TASK OBJECTIVE
The lines from the one containing "Bild från Ulricehamn SWE CUP Enduro 2021" through the last one in the data: please copy those exactly, and only those, without the pictures.

AVAILABLE RECORDS
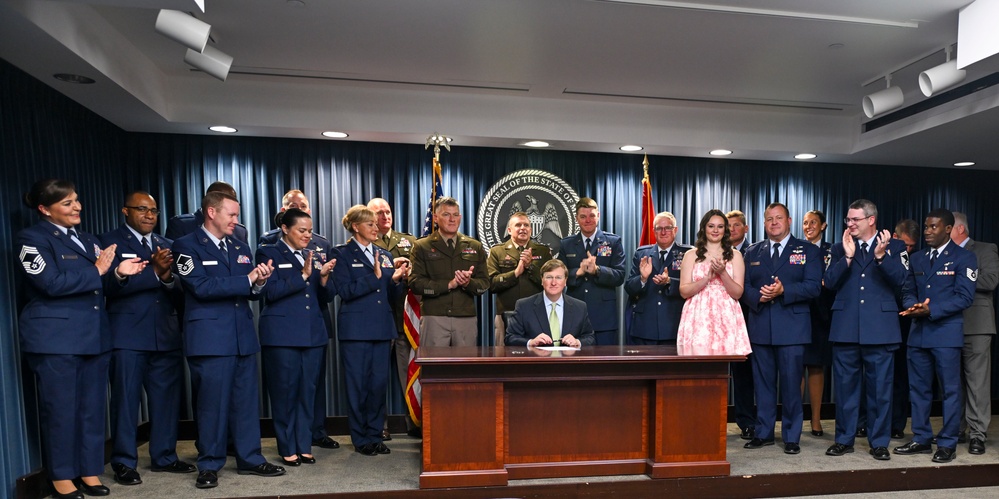 Mississippi Passes Law Allowing Military Medics an Alternate Route to LPN Licensure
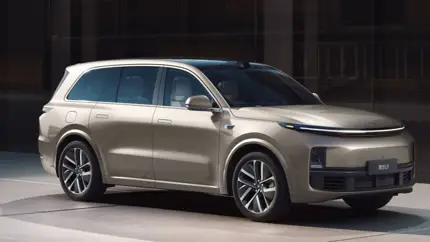 Li Auto выходит на российский рынок: что предложит бренд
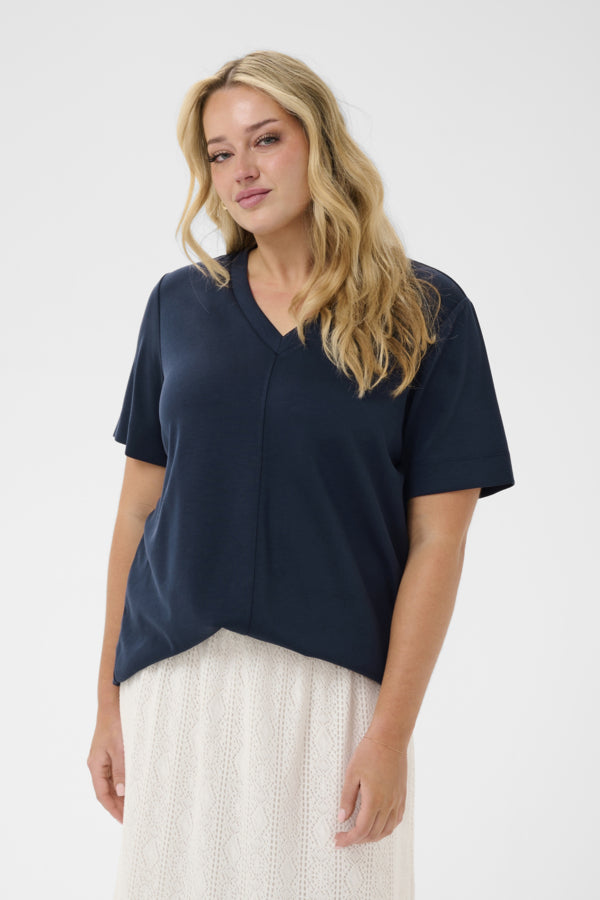 Kaffe Curve Annia T-Shirt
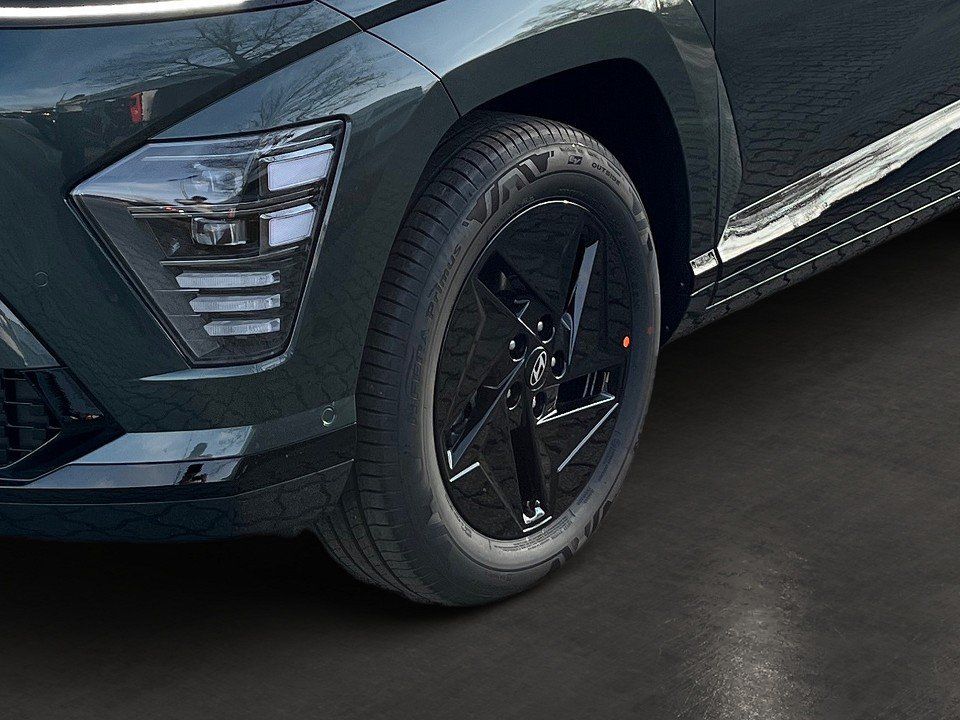 Fahrzeugabbildung Hyundai KONA Elektro 65kWh Trend Assistenz-Paket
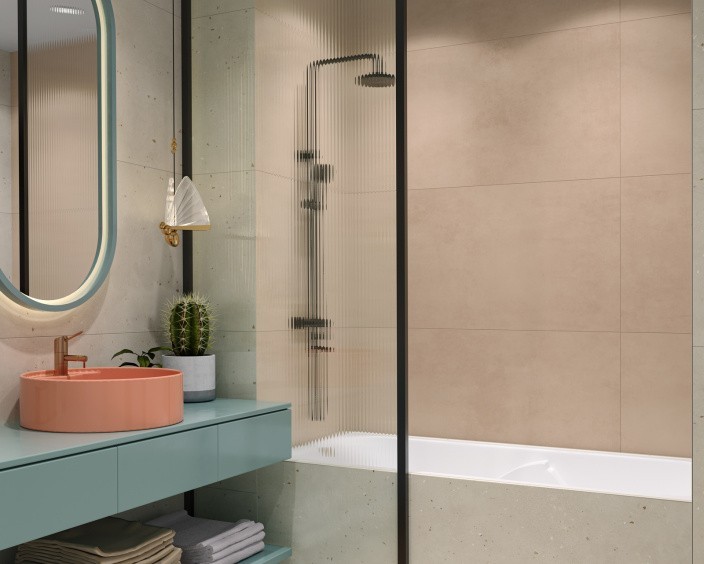 Керамогранит Buono Ceramica Clayton Colori Dust Matt CVL4497M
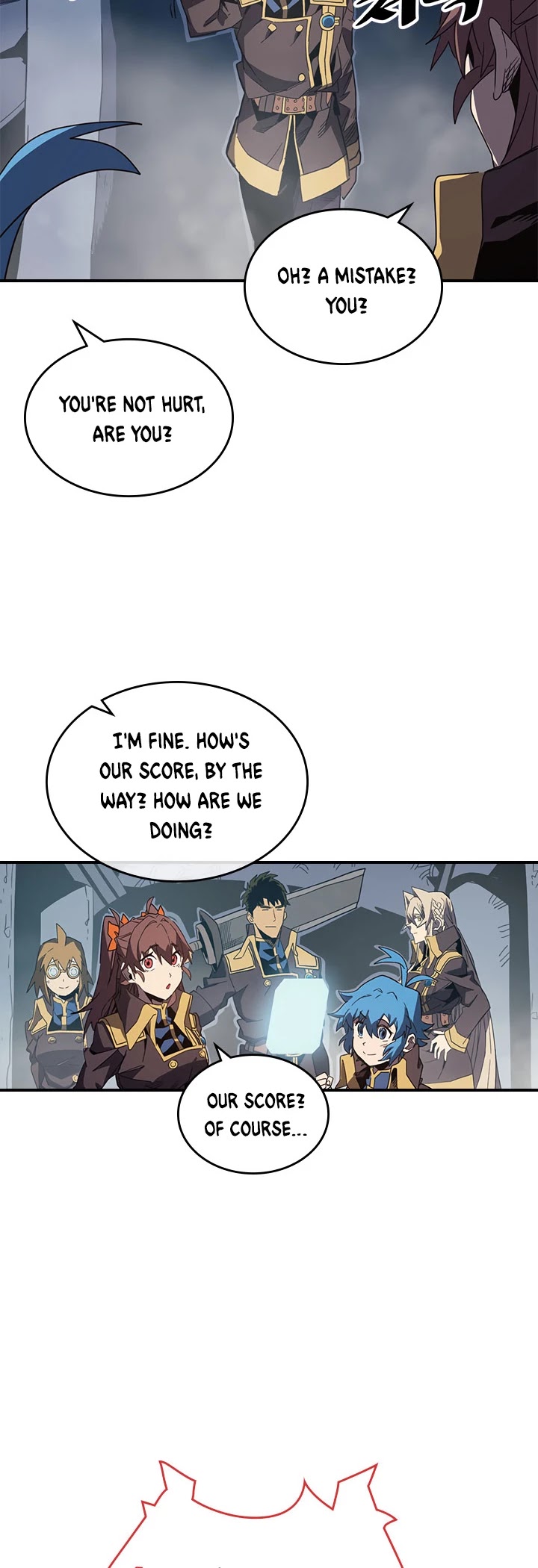 Read A Returner's Magic Should Be Special EN Manga Online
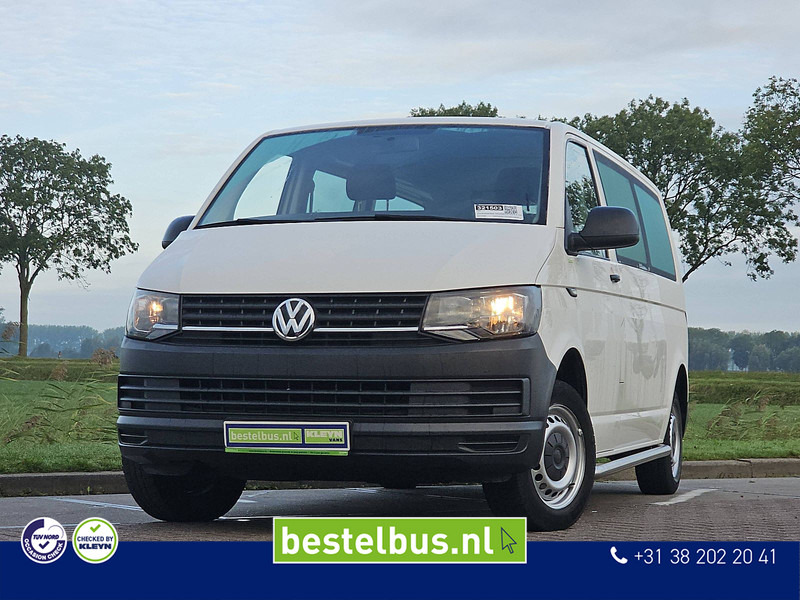 Volkswagen Transporter 2.0 TDI L2H1 Combi 9p Airco - Xe bus mini, Xe van chở khách: hình 1 Volkswagen Transporter 2.0 TDI L2H1 Combi 9p Airco - Xe bus mini, Xe van chở khách: hình 1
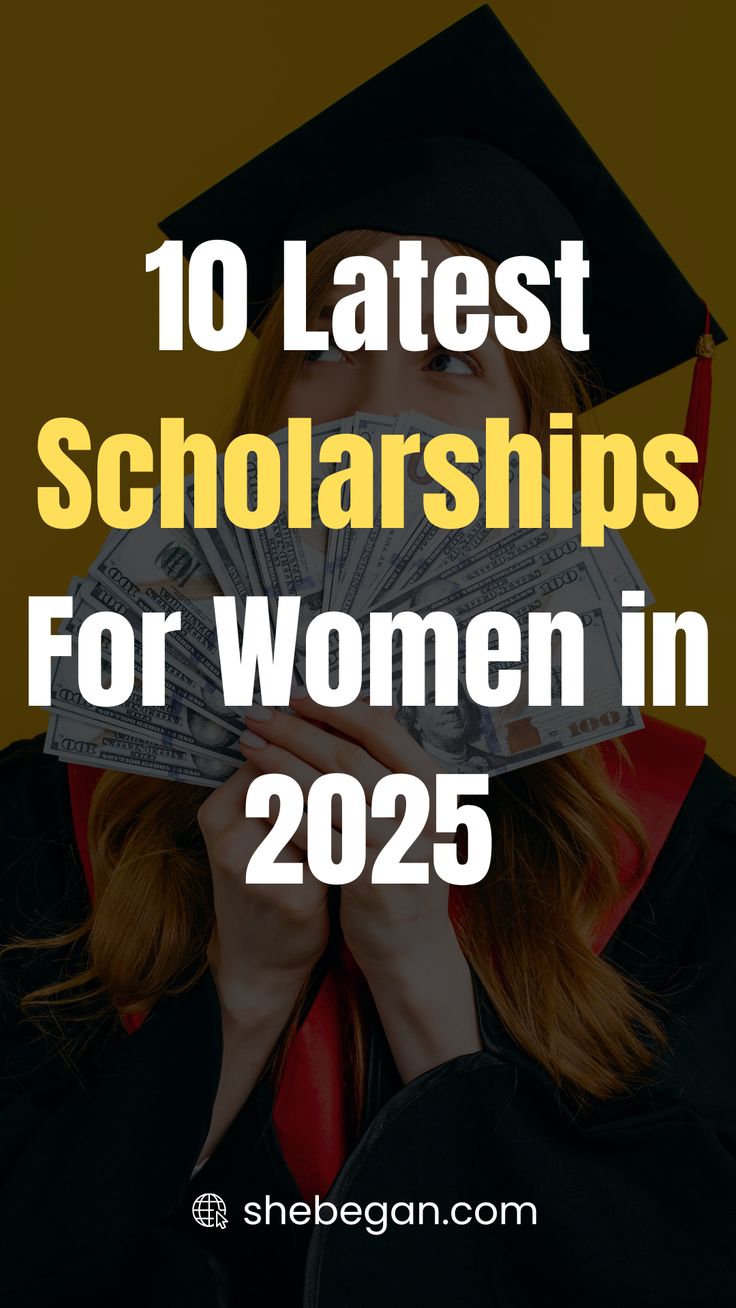 10 Scholarships Every First-Generation College Student Should Know About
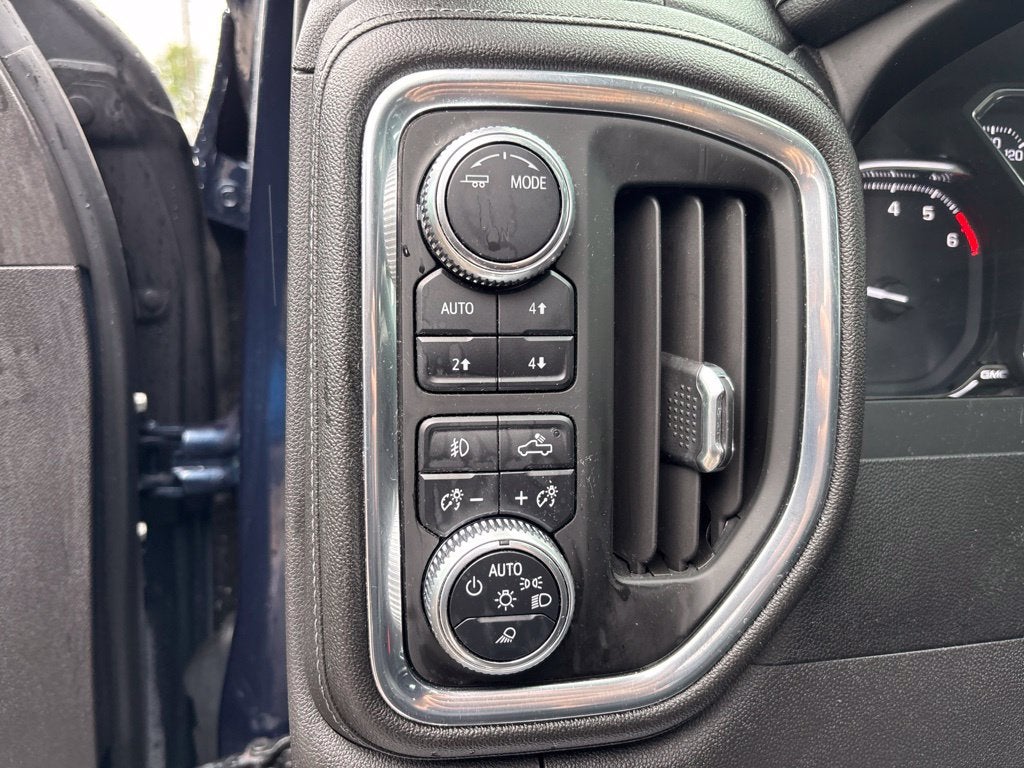 2020 GMC Sierra 1500 4WD Crew Cab Short Box SLT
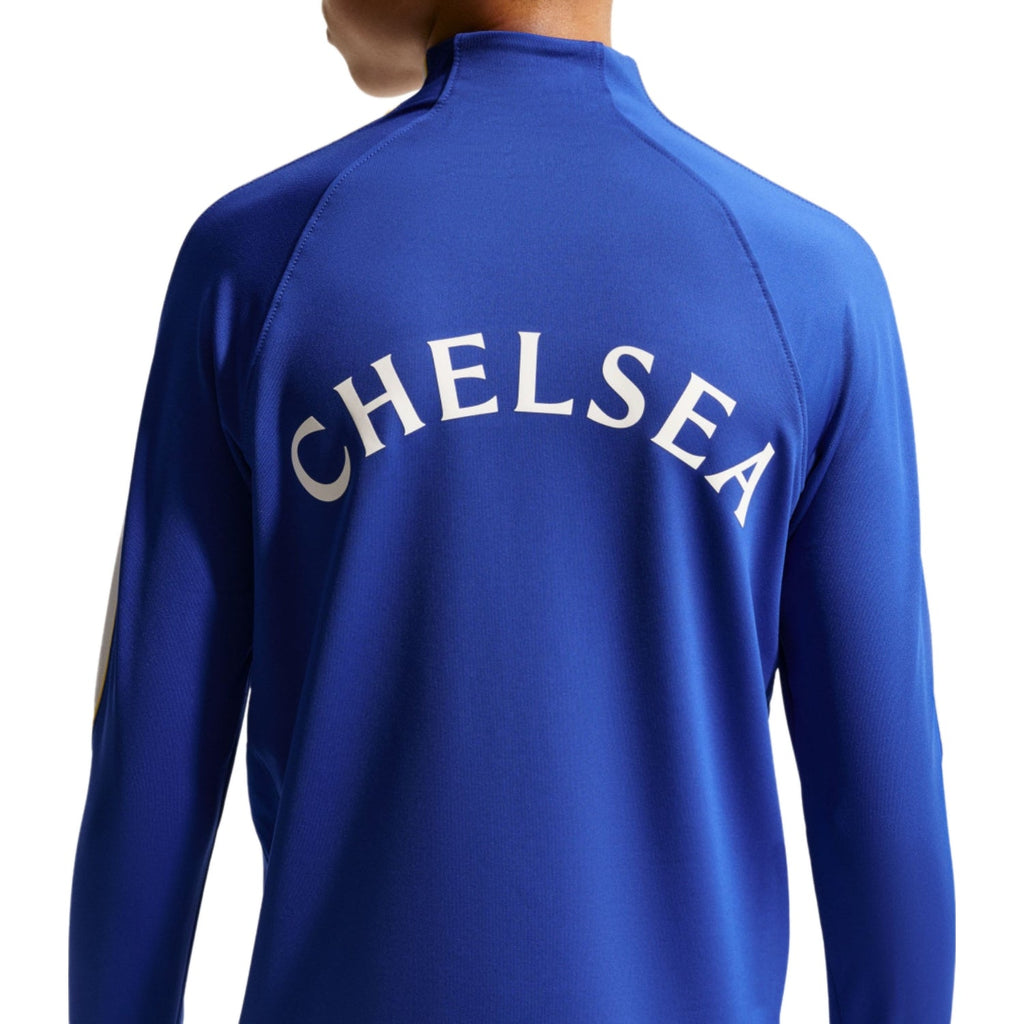 Kids - Chelsea FC training technical Soccer tracksuit 2026/27 - Nike-4
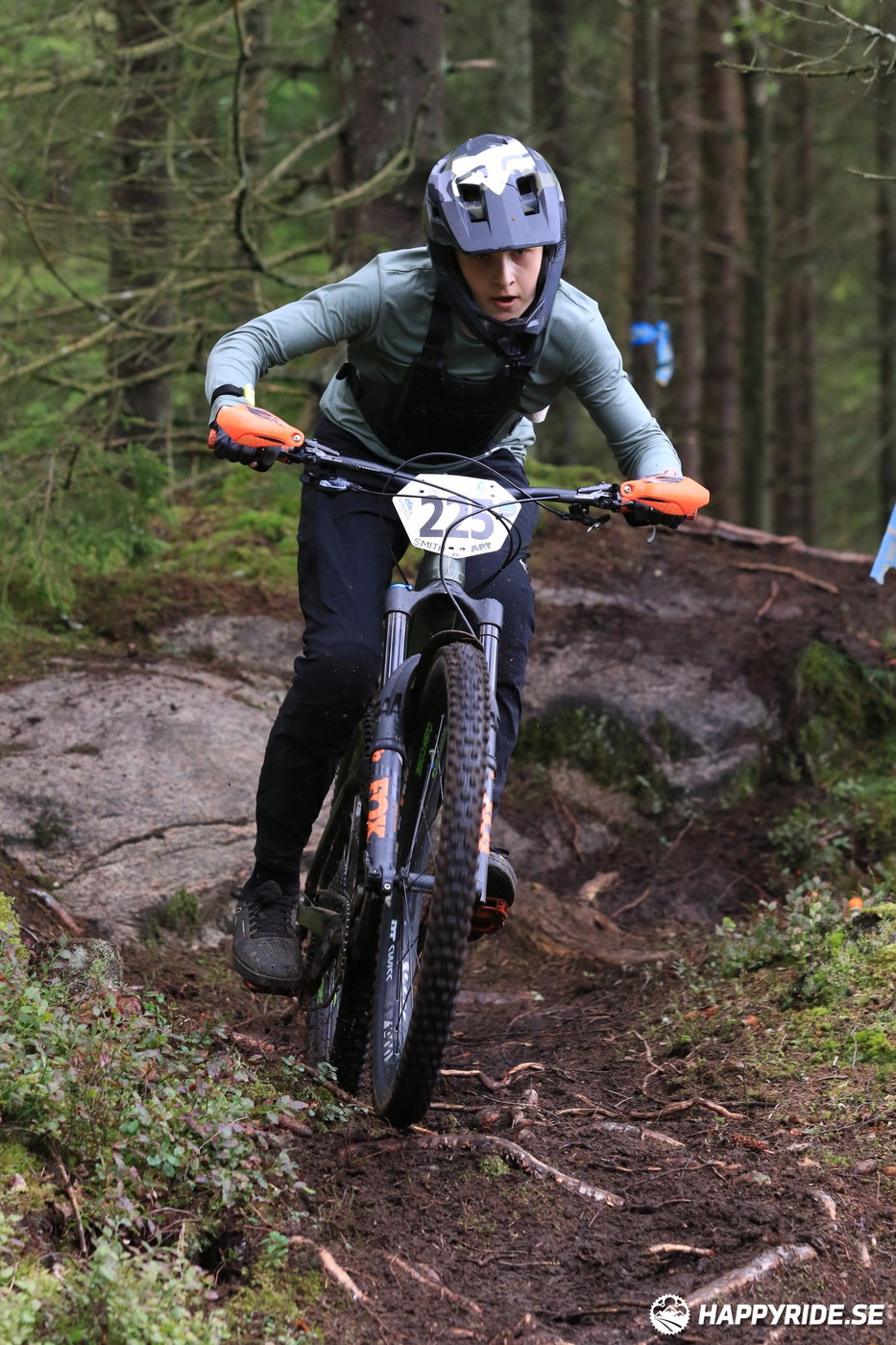 Bild från Ulricehamn SWE CUP Enduro 2021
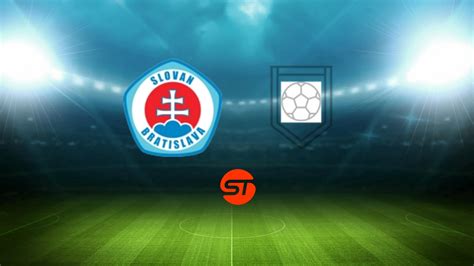 Pronostic Slovan Bratislava Swift Hesperange Ligue Des Champions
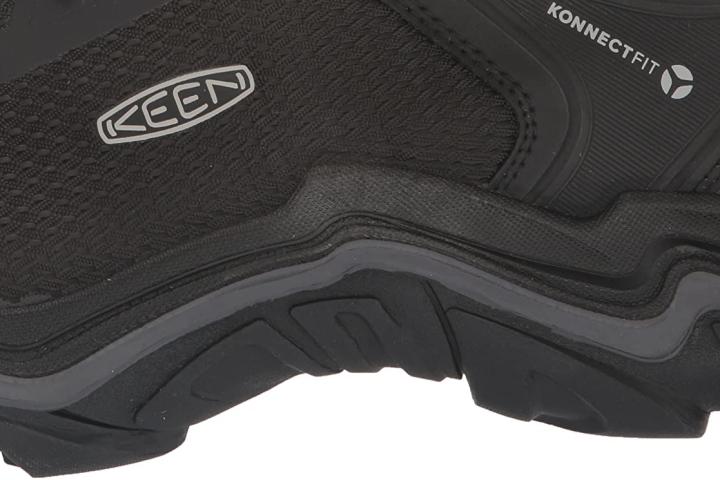 Keen on sale wanderer waterproof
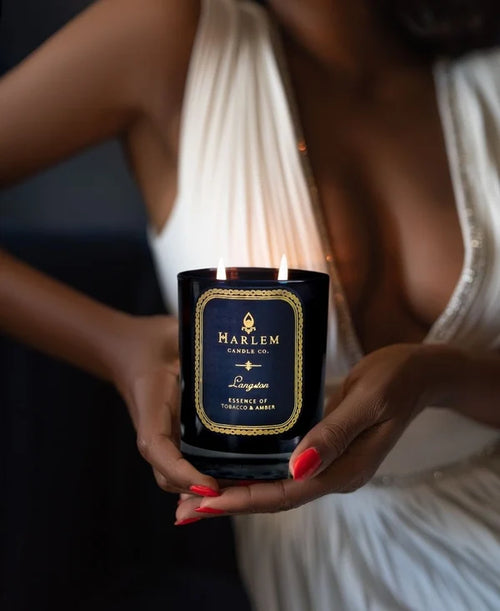 Harlem Candle Co Ilmkerti Langston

RESULT BELOW
 Bild från Ulricehamn SWE CUP Enduro 2021
 Pronostic Slovan Bratislava Swift Hesperange Ligue Des Champions
 Keen on sale wanderer waterproof
 Harlem Candle Co Ilmkerti Langston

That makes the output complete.